Winding Down

My fifth day in Prague, the longest stay of anywhere I’ve been in the last month. Tomorrow, early, I get my boarding pass at the Vaclav Havel airport, spend a couple of hours at Heathrow, then straight on to Denver. I should have stayed only four days here, and therein lies a story.

The food I’ve had on my adventure has been, let us say, not spectacular. Some has been downright awful, greasy, tasteless, strange. I don’t mind strange; I do mind shelling out big bucks for a Caesar salad that consists of iceberg lettuce, chopped tomato, and a slice of veryveryvery lightly toasted white bread cut into pieces that pretend to be croutons, all of it topped with a whole tablespoon of bottled mystery dressing. The list could go on, but why?

The story of timing and food combine because older taste buds tend to lose their finer perceptions, and anyone over 60 has probably checked the refrigerator for the car keys because the damned things just aren’t anywhere else! A goodly portion of my taste buds ran off with a goodlier portion of my brain cells and they’re somewhere on the planet Melmac creating offspring that won’t ever call or write or even send a Christmas card to dear old Auntie Jan. Which is why I showed up in Prague a day early, hungry and tired after 14 hours on trains and buses, only to find out that I had no room because the hotel was sold out and I wasn’t supposed to be here until Friday. Plan X went into effect, all turned out well, and in twelve hours I’ll be catching a few zzzzz’s somewhere over the Atlantic.

The Prague transit folks, probably realizing that seniors have enough challenges to deal with, allow oldsters of any nation ride any public transportation free. When one gets on a bus or subway just to see what will happen it’s an adventure, which is why our sturdy, if somewhat scattered, heroine finds herself in a cemetery on Tuesday that is so steeped in peace that she decides just to stroll, sit, sketch, write,  and breathe in the eternalness of life and death.

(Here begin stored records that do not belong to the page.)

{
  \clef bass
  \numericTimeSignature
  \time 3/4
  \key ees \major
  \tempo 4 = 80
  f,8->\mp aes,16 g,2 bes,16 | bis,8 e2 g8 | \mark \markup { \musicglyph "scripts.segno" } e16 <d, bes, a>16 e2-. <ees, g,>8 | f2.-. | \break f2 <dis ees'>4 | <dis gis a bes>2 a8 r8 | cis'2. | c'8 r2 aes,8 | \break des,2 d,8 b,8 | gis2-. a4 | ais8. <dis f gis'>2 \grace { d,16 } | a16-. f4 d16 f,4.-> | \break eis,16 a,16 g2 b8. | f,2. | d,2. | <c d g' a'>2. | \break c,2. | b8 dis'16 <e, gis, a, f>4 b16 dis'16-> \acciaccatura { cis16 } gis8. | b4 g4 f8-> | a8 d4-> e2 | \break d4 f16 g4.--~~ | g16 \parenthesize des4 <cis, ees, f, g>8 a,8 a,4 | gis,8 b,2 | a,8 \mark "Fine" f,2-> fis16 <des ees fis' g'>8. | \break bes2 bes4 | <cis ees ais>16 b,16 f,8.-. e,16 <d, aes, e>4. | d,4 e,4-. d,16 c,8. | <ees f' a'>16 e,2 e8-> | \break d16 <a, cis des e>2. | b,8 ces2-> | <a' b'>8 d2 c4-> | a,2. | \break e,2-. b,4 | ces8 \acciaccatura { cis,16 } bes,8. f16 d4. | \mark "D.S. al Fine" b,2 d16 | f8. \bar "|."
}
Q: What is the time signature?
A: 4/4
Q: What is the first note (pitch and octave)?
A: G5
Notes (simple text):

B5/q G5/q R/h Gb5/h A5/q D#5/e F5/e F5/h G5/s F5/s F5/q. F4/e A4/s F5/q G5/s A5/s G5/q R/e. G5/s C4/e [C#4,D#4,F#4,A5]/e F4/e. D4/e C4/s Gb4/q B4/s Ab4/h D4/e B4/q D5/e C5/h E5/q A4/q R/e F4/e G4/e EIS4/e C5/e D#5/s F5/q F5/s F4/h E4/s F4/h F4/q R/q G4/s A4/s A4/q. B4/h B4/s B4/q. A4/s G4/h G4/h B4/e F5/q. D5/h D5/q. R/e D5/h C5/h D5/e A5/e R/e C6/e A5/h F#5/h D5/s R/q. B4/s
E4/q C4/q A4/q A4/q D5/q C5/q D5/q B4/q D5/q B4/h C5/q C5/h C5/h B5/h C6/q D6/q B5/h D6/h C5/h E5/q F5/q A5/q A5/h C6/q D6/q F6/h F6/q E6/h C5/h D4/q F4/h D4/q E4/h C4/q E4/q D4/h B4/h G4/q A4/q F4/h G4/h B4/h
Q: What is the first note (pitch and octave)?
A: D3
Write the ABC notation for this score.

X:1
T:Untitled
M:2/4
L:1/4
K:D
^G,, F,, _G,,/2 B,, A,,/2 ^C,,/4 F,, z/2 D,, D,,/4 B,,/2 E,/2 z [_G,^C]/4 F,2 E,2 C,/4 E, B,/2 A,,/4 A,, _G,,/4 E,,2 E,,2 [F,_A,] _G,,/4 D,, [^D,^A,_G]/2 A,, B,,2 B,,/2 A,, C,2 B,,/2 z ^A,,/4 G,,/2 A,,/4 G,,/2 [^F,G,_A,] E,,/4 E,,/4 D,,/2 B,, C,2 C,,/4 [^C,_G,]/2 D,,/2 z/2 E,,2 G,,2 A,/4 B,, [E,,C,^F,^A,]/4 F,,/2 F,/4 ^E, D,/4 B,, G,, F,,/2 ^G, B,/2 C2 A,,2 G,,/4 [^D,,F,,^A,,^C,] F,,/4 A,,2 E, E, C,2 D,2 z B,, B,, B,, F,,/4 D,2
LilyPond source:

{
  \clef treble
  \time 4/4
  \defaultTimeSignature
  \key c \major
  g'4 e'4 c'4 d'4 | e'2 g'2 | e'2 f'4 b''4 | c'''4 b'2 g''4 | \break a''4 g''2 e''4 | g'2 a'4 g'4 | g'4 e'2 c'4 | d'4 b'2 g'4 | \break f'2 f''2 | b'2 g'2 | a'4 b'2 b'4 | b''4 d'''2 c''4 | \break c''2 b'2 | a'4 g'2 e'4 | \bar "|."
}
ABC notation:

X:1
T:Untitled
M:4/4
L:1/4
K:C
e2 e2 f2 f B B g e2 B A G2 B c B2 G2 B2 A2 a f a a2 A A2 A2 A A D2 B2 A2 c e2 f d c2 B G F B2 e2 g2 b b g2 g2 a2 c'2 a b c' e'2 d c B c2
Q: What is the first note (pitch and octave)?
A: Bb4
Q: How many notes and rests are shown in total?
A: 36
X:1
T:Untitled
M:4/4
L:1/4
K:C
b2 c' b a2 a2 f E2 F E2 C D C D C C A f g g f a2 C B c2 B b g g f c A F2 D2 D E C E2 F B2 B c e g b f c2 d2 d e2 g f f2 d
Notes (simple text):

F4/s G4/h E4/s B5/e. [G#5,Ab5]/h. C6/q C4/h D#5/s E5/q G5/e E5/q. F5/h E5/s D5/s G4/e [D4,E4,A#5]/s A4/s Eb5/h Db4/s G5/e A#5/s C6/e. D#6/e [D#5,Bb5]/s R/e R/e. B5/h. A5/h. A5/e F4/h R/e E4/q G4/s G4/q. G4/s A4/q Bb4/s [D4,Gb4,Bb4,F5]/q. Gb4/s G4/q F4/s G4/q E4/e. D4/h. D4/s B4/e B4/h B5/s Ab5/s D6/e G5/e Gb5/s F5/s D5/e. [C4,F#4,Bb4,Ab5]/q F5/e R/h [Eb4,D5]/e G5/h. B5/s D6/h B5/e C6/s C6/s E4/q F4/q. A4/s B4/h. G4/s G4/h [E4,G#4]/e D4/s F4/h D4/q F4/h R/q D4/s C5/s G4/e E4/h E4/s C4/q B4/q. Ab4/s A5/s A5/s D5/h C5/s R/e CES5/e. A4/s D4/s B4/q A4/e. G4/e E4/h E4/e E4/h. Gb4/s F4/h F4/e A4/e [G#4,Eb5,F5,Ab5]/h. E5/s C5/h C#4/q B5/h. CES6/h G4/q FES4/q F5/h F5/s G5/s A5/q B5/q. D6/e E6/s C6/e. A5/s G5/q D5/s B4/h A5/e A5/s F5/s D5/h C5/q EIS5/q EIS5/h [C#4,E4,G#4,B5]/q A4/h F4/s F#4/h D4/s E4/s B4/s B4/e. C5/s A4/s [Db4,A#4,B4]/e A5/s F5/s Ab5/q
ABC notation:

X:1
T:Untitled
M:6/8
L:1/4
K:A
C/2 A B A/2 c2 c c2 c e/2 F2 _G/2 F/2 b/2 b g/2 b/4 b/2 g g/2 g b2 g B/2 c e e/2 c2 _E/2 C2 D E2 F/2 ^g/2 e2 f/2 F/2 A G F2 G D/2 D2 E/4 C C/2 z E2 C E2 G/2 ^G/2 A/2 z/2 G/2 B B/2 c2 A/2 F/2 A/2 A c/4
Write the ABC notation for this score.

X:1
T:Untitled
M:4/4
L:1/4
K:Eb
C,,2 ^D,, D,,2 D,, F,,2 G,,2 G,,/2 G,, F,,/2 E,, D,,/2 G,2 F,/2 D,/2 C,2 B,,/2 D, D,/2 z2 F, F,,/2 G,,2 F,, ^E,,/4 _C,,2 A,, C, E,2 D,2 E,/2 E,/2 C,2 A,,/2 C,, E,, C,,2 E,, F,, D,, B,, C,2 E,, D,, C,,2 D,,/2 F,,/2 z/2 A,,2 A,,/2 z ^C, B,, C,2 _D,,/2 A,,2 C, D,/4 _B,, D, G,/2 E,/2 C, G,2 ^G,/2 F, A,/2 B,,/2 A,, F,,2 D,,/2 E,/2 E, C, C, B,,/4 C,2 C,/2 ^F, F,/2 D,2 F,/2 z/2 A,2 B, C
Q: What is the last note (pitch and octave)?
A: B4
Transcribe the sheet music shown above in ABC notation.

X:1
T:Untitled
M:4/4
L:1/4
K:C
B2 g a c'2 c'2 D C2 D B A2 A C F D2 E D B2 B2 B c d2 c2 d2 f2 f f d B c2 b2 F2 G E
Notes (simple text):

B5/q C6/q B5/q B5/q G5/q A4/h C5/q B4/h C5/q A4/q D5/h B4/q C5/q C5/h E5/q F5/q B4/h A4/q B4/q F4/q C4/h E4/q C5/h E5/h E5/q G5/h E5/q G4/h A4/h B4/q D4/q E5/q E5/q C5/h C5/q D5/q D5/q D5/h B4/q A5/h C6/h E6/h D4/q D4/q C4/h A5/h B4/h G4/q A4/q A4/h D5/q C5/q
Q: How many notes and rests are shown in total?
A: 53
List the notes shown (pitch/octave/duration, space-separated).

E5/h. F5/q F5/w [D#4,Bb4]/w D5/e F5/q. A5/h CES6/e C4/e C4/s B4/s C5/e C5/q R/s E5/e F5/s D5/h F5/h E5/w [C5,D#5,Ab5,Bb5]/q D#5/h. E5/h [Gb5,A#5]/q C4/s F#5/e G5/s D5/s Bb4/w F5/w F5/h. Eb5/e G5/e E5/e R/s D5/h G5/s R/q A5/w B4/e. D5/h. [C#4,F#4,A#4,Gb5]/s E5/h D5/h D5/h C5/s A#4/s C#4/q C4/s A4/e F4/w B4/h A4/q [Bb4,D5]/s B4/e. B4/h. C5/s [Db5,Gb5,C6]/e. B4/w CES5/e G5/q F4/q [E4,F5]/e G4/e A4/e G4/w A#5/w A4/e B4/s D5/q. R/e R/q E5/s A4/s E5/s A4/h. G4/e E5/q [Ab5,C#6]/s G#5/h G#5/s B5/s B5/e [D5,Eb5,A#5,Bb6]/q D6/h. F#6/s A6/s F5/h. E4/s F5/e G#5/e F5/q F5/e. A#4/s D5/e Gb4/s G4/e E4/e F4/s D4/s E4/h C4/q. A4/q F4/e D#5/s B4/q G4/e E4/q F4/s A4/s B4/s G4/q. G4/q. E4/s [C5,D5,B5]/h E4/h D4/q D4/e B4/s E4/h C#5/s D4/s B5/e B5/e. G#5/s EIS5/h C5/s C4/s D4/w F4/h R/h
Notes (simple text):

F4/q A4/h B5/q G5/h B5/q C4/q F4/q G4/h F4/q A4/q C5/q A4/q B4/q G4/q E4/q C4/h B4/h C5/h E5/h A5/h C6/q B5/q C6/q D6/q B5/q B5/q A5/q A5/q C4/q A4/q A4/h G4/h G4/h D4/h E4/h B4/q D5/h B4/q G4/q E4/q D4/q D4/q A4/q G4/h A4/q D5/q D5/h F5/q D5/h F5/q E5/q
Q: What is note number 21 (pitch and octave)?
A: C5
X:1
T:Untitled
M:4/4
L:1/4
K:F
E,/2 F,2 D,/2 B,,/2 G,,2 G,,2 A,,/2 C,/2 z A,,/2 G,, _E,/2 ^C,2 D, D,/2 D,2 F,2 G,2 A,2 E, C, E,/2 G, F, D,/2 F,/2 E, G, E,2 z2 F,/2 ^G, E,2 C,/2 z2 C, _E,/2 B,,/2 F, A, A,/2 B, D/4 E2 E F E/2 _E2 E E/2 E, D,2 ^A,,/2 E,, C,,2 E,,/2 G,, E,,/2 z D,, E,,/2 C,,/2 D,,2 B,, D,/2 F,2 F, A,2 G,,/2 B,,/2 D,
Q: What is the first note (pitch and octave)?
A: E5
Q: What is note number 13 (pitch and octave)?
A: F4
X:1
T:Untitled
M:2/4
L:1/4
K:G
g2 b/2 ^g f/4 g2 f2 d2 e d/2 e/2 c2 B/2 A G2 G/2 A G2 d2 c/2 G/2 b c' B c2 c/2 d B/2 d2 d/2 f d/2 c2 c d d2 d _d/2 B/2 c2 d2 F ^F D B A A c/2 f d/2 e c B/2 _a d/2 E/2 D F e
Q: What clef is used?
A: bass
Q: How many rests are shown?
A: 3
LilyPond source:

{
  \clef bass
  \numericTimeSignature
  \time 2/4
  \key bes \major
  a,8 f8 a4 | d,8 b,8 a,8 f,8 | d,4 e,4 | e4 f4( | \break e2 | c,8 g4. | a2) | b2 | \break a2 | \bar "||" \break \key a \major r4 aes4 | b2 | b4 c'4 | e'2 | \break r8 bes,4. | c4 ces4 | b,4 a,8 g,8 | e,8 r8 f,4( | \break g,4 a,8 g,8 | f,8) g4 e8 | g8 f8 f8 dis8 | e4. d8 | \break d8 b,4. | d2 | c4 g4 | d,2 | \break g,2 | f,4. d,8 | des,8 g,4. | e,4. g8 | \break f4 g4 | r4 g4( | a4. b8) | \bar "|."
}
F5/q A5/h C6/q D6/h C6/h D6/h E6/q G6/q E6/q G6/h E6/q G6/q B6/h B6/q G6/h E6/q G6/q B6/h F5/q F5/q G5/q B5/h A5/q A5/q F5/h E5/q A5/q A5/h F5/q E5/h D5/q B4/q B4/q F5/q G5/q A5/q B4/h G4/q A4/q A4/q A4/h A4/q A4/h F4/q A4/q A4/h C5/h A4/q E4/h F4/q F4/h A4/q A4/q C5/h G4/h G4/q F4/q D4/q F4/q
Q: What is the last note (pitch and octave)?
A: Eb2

After a couple of hours of quiet, the intrepid traveler then metroes to the Vlatava River, walks over the Charles Bridge, and climbs 6,383 steps (but who’s counting?) to reach the Prague castle and old town square, just to say she did it. And being intrepid, how can she pass up absinth, aka the Green Fairy, the drink of legend and writers?  She buys the smallest bottle, shot size, hurries back to the hotel and breaks the seal. Holy Paint Stripper, Batman! It tastes of licorice and packs a 128-proof punch. No wonder drinkers in the olden days, that is the twentieth century, hallucinated and did really strange things while imbibing.

It’s been a long month, and it’s time to go home, to my own bed, my own kitchen, my own yard, my own peace. No regrets, no fears, no wishing anything had been otherwise. A helluva ride all the way, from the stranded train in Hungary to the straight-down alpen gondola in Bavaria, from the rail strikes in France to the trams that sway and rattle around Prague.

And so the adventure creeps to a close, at least for now.